Given records Start Marker

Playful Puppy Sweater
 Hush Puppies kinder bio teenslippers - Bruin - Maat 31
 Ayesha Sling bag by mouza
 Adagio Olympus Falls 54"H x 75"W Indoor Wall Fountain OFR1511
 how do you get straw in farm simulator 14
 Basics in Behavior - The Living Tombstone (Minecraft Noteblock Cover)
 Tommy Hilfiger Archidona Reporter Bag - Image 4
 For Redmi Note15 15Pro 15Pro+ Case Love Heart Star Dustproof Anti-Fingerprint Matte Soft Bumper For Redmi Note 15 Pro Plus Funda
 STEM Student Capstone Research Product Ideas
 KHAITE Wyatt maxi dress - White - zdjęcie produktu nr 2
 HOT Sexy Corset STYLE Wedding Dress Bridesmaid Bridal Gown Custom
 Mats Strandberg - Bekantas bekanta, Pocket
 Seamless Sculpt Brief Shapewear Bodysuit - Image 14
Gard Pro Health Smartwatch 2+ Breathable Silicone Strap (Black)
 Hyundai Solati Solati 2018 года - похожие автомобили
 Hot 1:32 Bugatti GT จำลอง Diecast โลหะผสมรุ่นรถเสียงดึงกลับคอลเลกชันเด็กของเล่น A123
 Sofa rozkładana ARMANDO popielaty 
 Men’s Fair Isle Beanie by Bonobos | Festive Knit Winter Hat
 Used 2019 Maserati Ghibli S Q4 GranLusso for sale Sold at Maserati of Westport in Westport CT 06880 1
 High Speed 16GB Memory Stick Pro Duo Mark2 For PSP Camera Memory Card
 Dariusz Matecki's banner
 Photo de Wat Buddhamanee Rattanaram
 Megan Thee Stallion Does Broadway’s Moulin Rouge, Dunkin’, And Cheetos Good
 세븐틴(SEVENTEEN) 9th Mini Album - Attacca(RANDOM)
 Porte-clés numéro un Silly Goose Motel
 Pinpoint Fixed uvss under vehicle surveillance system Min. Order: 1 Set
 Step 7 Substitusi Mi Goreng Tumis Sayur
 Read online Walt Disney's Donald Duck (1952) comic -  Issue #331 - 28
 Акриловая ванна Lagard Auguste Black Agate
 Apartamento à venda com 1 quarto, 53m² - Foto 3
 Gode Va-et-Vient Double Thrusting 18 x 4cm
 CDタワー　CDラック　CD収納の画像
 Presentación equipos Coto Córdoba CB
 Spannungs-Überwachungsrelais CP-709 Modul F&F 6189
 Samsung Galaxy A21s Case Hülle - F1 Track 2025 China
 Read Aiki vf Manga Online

Given records End Marker

Task goal: The lines from the one containing "Hot 1:32 Bugatti" to the final line of the listing above must be set down exactly, both included.

Response to this exercise:
 Hot 1:32 Bugatti GT จำลอง Diecast โลหะผสมรุ่นรถเสียงดึงกลับคอลเลกชันเด็กของเล่น A123
 Sofa rozkładana ARMANDO popielaty 
 Men’s Fair Isle Beanie by Bonobos | Festive Knit Winter Hat
 Used 2019 Maserati Ghibli S Q4 GranLusso for sale Sold at Maserati of Westport in Westport CT 06880 1
 High Speed 16GB Memory Stick Pro Duo Mark2 For PSP Camera Memory Card
 Dariusz Matecki's banner
 Photo de Wat Buddhamanee Rattanaram
 Megan Thee Stallion Does Broadway’s Moulin Rouge, Dunkin’, And Cheetos Good
 세븐틴(SEVENTEEN) 9th Mini Album - Attacca(RANDOM)
 Porte-clés numéro un Silly Goose Motel
 Pinpoint Fixed uvss under vehicle surveillance system Min. Order: 1 Set
 Step 7 Substitusi Mi Goreng Tumis Sayur
 Read online Walt Disney's Donald Duck (1952) comic -  Issue #331 - 28
 Акриловая ванна Lagard Auguste Black Agate
 Apartamento à venda com 1 quarto, 53m² - Foto 3
 Gode Va-et-Vient Double Thrusting 18 x 4cm
 CDタワー　CDラック　CD収納の画像
 Presentación equipos Coto Córdoba CB
 Spannungs-Überwachungsrelais CP-709 Modul F&F 6189
 Samsung Galaxy A21s Case Hülle - F1 Track 2025 China
 Read Aiki vf Manga Online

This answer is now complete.